Сестра Иоанна (Юлия Николаевна Рейтлингер): первая написанная ею икона — с натуры, со спящего отца Сергия Булгакова: усекновенная глава Иоанна Крестителя. 
И сама она — «Страстная Иоанна» — пострижение в день Усекновения Главы.
«Разделиша ризы моя себе и о одежде моей меташа жребий».
Прореки нам, Христос, кто ударил Тебя? 
Теперь ваше время и власть тьмы.
Осень набирала силу, и листья окрашивались кровью. Это было неотвязно, как наваждение. Я видела кровь повсюду — особенно в мраморных прожилках метро (и особенно — на станции «Комсомольская»).
И тьма настала по всей земле до часа девятого. Когда он пробьёт, этот девятый час?
«Кровавый туман застилает мне глаза». Воздух пропитан кровью, трудно дышать.
Кровь — взыщется.
«До крови Захарии, убитого между храмом и жертвенником».
«Царя ли вашего распну?»
Конечно, Царь.
Из последней лекции: «А вы за кого почитаете Меня?

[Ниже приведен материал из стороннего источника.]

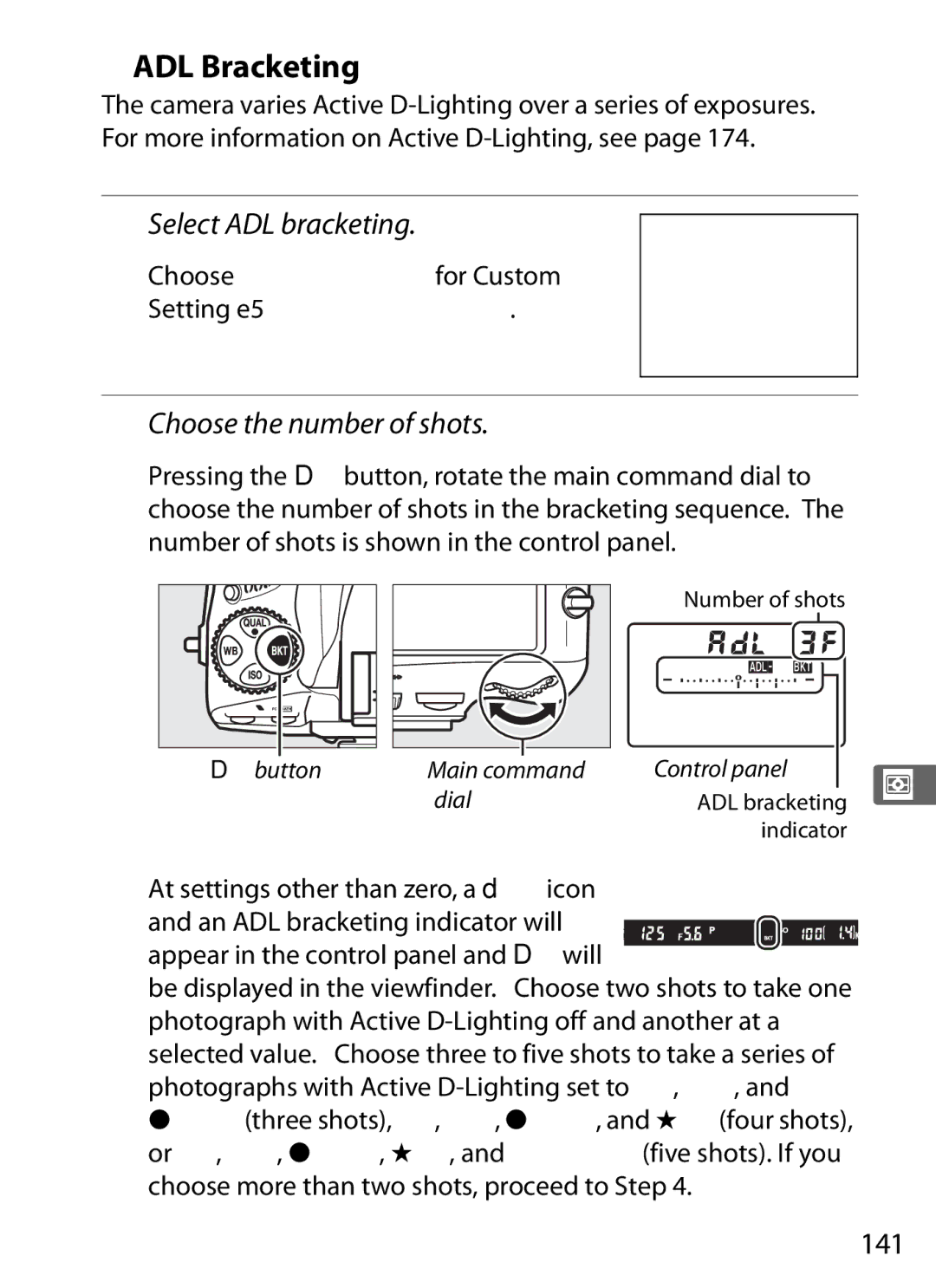 Nikon D800EFXBODY, D800 (Body Only), D800BODY, D800 E (Body Only), 25480B ADL Bracketing, Select ADL bracketing, 141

Имя Александр означает — защитник людей.
9 сентября хорошим маршем на Москву двигались несколько поднятых по тревоге дивизий из Тулы и Пскова, в полном боевом снаряжении, 60 самолётов летели на старый аэродром в районе метро «Полежаевская». Шли отряды ОМОН. Я прочла об этом уже в январе, случайно (нет привычки читать газеты). Но тогда, когда отец был убит, у меня была абсолютная уверенность в том, что своей смертью он заслонил нас от чего-то, надвигавшегося на город. Не было иной возможности предотвратить это. Итак: по тревоге — значит, ночью. Бодрым маршем идут на Москву убийцы. Рассвет. Мы все — приход — спим — кто где: пыль столбом по всей Европе, многие путешествуют загранично. Он — один. Тропа. Широкополая чудесная шляпа его — дразнилка для убийц. «Удар нанесён через головной убор». И потом — снова пустая тропа. И окровавленные очки на обочине. Может быть, ему дали прочесть приговор?
Плач о Иерусалиме. 
«...И вы не захотели! Се, оставляется вам дом ваш пуст».